» TASK TO COMPLETE: What you return must be an exact copy of the lines in the listing below between the line holding "ArcSite 5.40.0. Скриншот 18" and the line holding "Орден Девети Септември", inclusive, and nothing more.

**** INPUT RECORDS ****

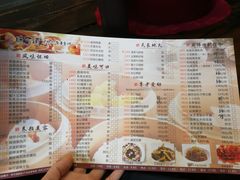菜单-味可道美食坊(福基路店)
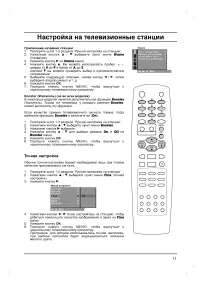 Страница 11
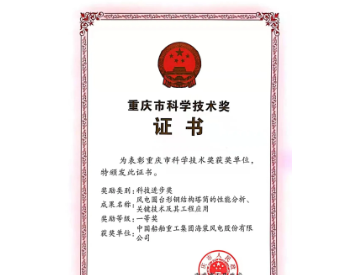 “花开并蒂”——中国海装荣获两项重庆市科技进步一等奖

****
**** INPUT RECORDS ****

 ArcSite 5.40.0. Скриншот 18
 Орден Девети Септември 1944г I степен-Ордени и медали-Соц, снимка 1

****

» EXERCISE RESPONSE:
 ArcSite 5.40.0. Скриншот 18
 Орден Девети Септември 1944г I степен-Ордени и медали-Соц, снимка 1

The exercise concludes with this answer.